Back to School with Generators

By CJ Cassidy
SENATH, MO (KFVS) - Thousands of people still struggle without power across the region, and that includes several closed schools, but some folks are taking steps to get back in the saddle.
Class is finally back in session at the Senath-Hornersville School District despite the blackout.
The Pemiscot Dunklin Electric Co-op lent the school district several generators so students could get back in class.
The hum of electric generators powering up the Senath Hornersville School District reaches you long before you get there.
"First day back, we're happy attendance and attitude seems to be normal - as normal as can be under the circumstances," said High School Principal Kim Campbell.
He points out the district saw 91 percent of their student body show up to class.
That's comforting to school leaders who say knowledge is power, and they won't let a power outage that's crippling most of the area, get the best of them.

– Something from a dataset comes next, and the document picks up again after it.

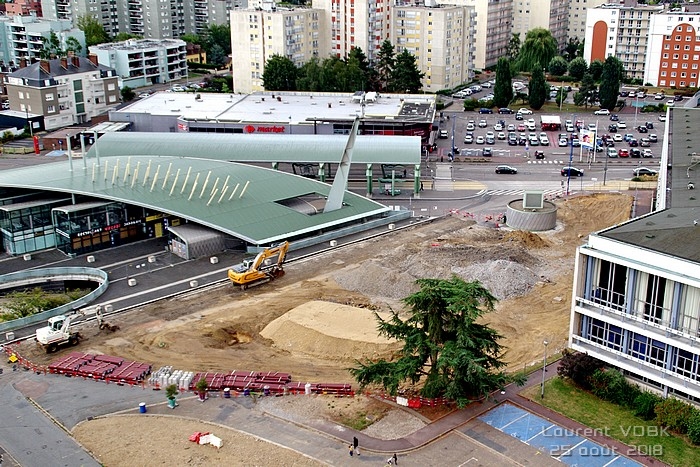 Travaux place de l'Hôtel de Ville à Sotteville-lès-Rouen : Futur parvis devant la mairie (vu de haut)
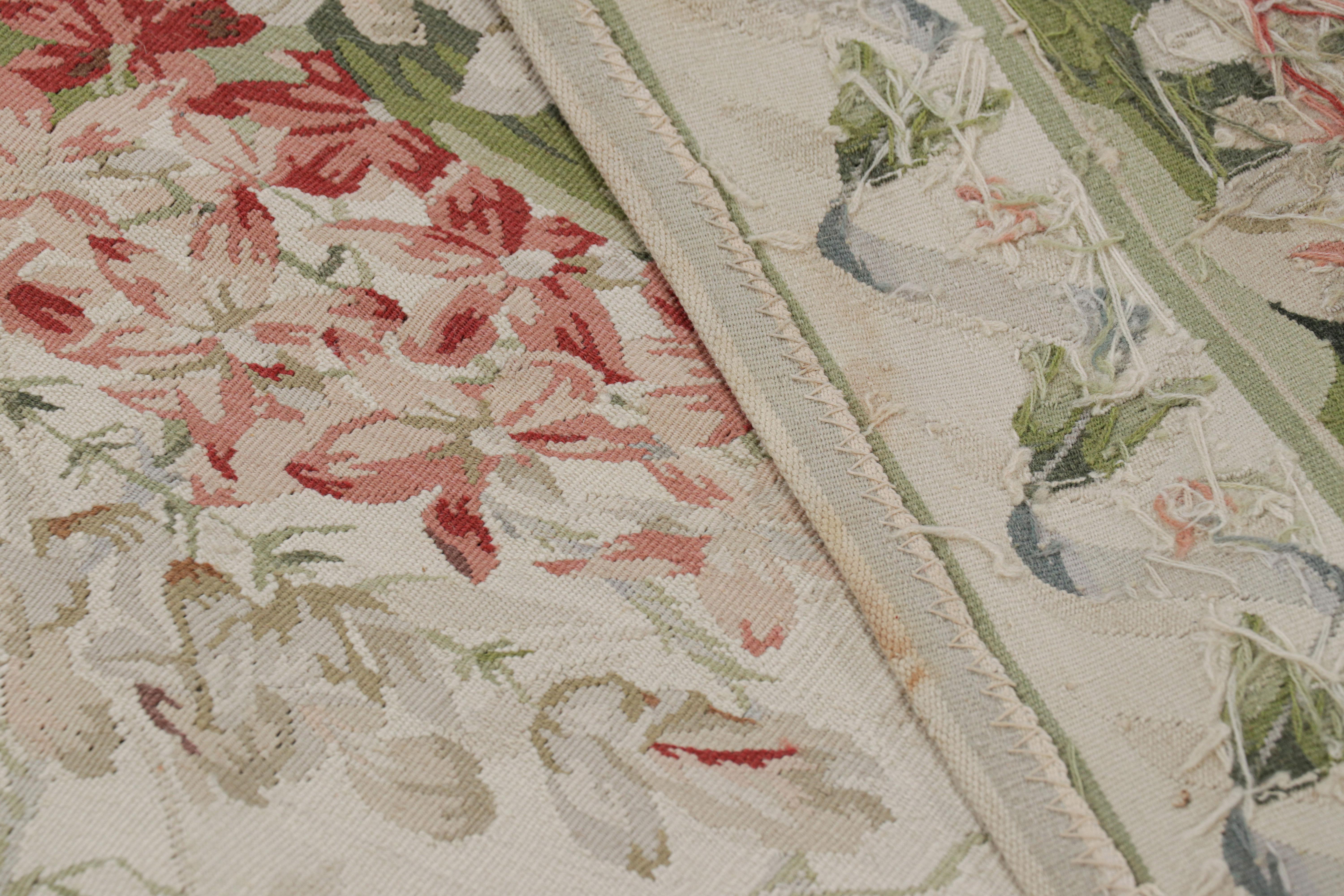 Lana Rug & Kilim è un tappeto in stile Tudor in bianco e crema con motivi floreali in vendita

"We are trying to keep students in class away from the outdoors where there still could be falling limbs. We'll play it by ear. We've adjusted our dress codes as well.
You see a lot of caps today. We don't allow caps to be worn in the building typically. I told them teachers could wear jeans and also be casual."
Besides the casual look, teachers are also staying away from giving out homework and that's scoring some big brownie points with their students.
"We're not allowed to have homework which doesn't bother me," Junior Emilie Deck said.
"I have two little brothers at my house and it's not fun because there's nothing to do there," said McKenzie Harris.  "I'm glad to see all my friends and come back. We've talked about everybody's stories, and it helps because a lot of people don't have what some of us have. It's kind of sad."
Not everyone's glad to be hitting the books again.
But wouldn't you rather be in a school that has power than at home without power?  
"Not really it was kinda having fun without the power. I was alright without it," Deck said.
School leaders say students ought to be glad. If they didn't come back now, they would have to spend most of their spring break or June making up the days. As it is they still have 11 days to make up and they are trying to figure out the best way to do that.